I have just recently begun teaching all the 1st graders at YangYuan Primary school. There is a total of 6 classes that I teach twice a week, with 40 students in each class. I am the 1st foreigner to attend this school. The teachers at this school treat me so well. They make sure I have a spoon to eat my soup at lunch, talk to me, and help me with anything I might need.
The students love to see me in the halls. They follow me saying “hello, hello”. I look up from my desk and see faces staring through the window of my office. I go to the bathroom and hear children laughing and yelling “teacher”. As I exit the stall they are all pointing and screaming at me. I just smile and say “yes, teacher has to pee too”.
Most of the students are quite cute, but like in any class there are a few terrors. I made 1 boy cry last week (it actually felt pretty good) when I took away all his school supplies after poking his neighbors repeatedly with a handful of sharp pencils. He just assumed after class he could collect his supplies off my desk, but that wasn’t the case at all. I would not give them to him, as I was determined to find his Chinese teacher and let her discipline him. I haven’t quite figured out what a punishment consist of, but the children don’t fool around with the Chinese teachers. He cried and screamed to me and the teacher assistant in my class, who did nothing while this poking was going on. She felt so bad for him. I told her he will not get them back because that behavior is unacceptable in my English class. I will find out this week if that whole ordeal even makes a difference.

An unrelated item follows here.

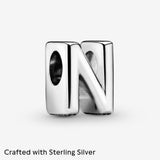 PANDORA Letter N Alphabet Charm - Compatible Moments Bracelets - Jewelry for Women - Gift for Women in Your Life - Made with Sterling Silver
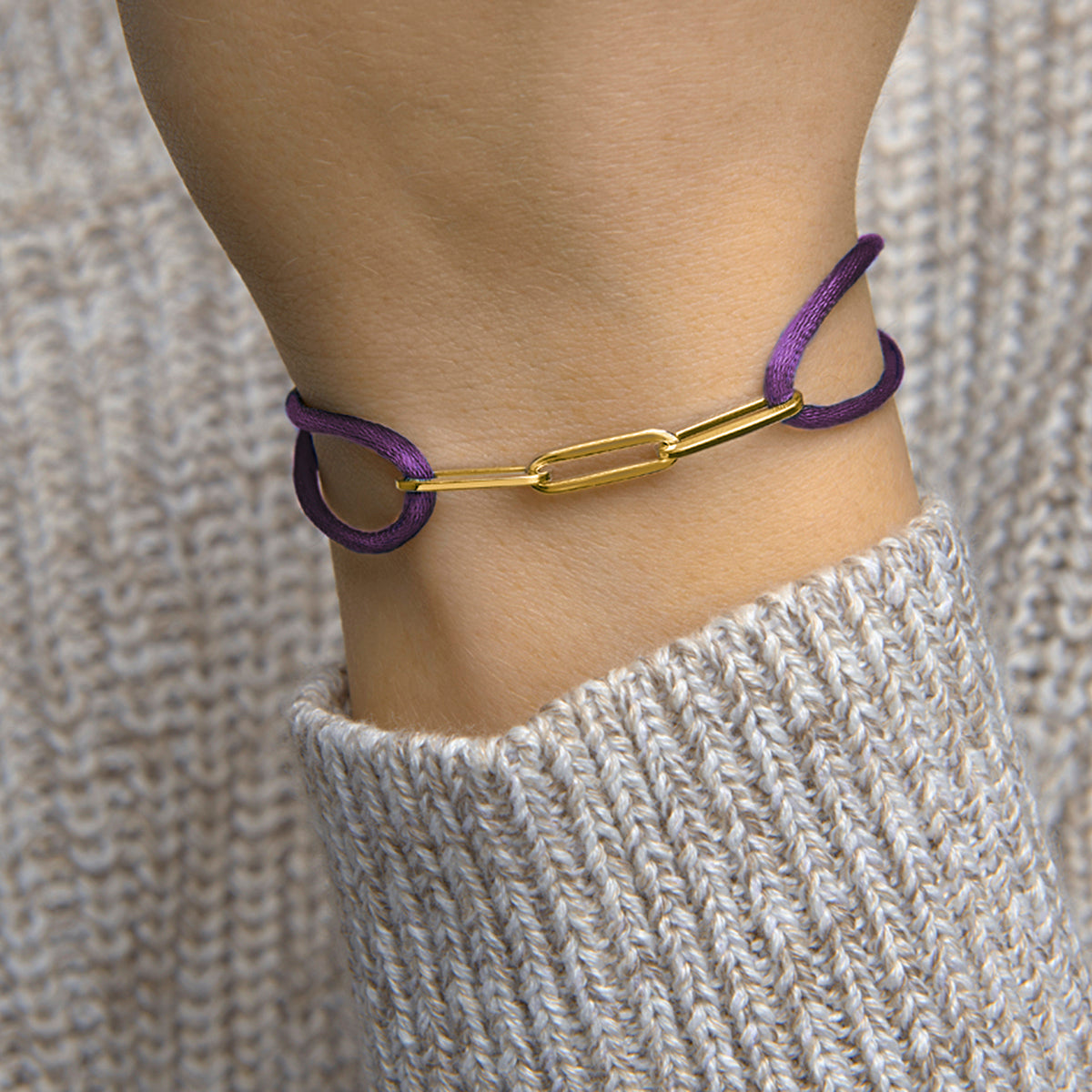 Armband Satin Lila 13 - 26 cm vergoldet (mit Gummi/Nylon/Leder)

Despite the few terrors, I do a pretty good job entertaining myself and the students in class. I have to since I am teaching the same lesson 6 times and singing and running around with a bunch of 6 and 7 year olds. The students have been given English names by their Chinese/ English teachers (who speak very broken English). They never used their names, so I try to say them often so they can get familiar with the pronunciation. “Hello Dick. How are you Dick? Nice to meet you DIck. Come on up Dick. Good job Dick!” Poor child. Then I have Mary and Jane sitting right next to each other. In other classes girls, named Joe and Dave, are confused why I switch their names with boys who are named Anne and Lucy.
My 4th graders in the more private classes are just adorable, sweet, and speak very good English. I have 16 of them in the afternoons, 3 times a week. I had them right my students from last year letters and hope to send those off to America soon. They will be so excited to get letters back. They are very competitive and love to do word searches, crosswords, and games like jeopardy.
Chinese children are very crazy outside of class. During breaks teachers disappear and the students run wild. Screaming, yelling, wrestling, sliding across floors. This is all new to me as I break up fights in the hallways and remove chairs from students hands as they are about to release them onto another child, but when class begins most of them are ready to learn.